== Activity ==
After locating "Tokyosol Vintage 90s" in the listing below, copy that line and each one after it exactly, ending with the line that has "Tralalero Tralala –".

== Data for analysis ==
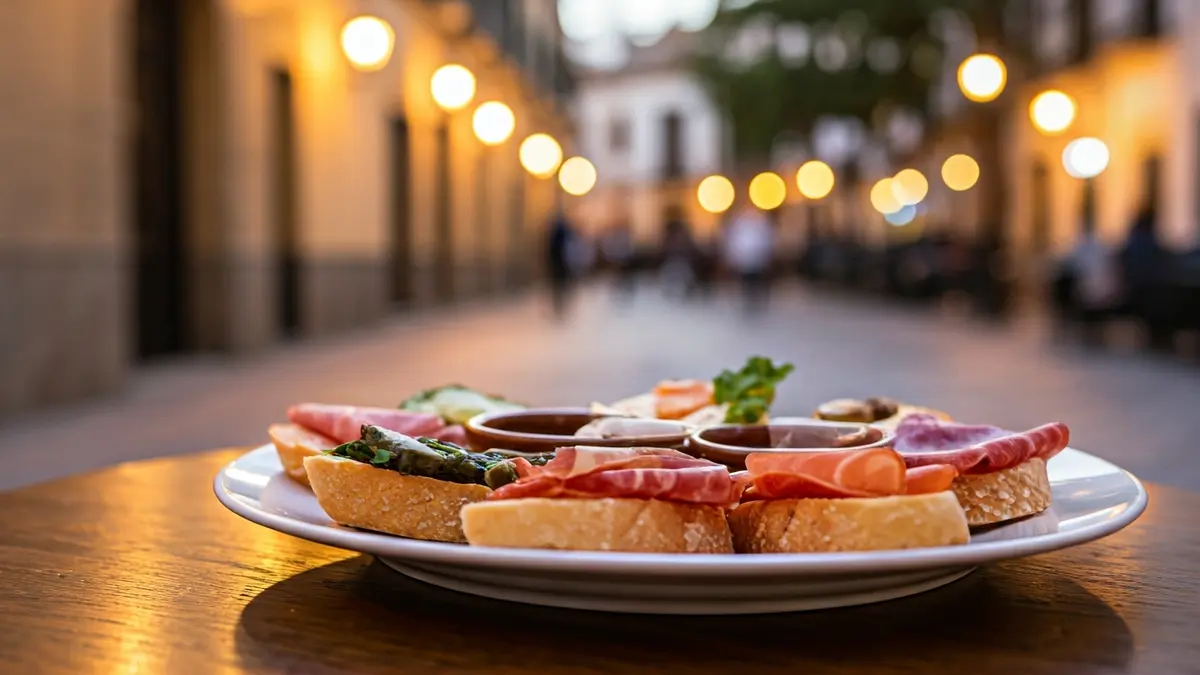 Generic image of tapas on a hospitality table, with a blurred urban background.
==
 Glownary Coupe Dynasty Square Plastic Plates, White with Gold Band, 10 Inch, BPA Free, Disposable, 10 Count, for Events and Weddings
---
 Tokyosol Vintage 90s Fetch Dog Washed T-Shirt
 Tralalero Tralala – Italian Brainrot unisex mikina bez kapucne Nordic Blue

== Exercise answer ==
 Tokyosol Vintage 90s Fetch Dog Washed T-Shirt
 Tralalero Tralala – Italian Brainrot unisex mikina bez kapucne Nordic Blue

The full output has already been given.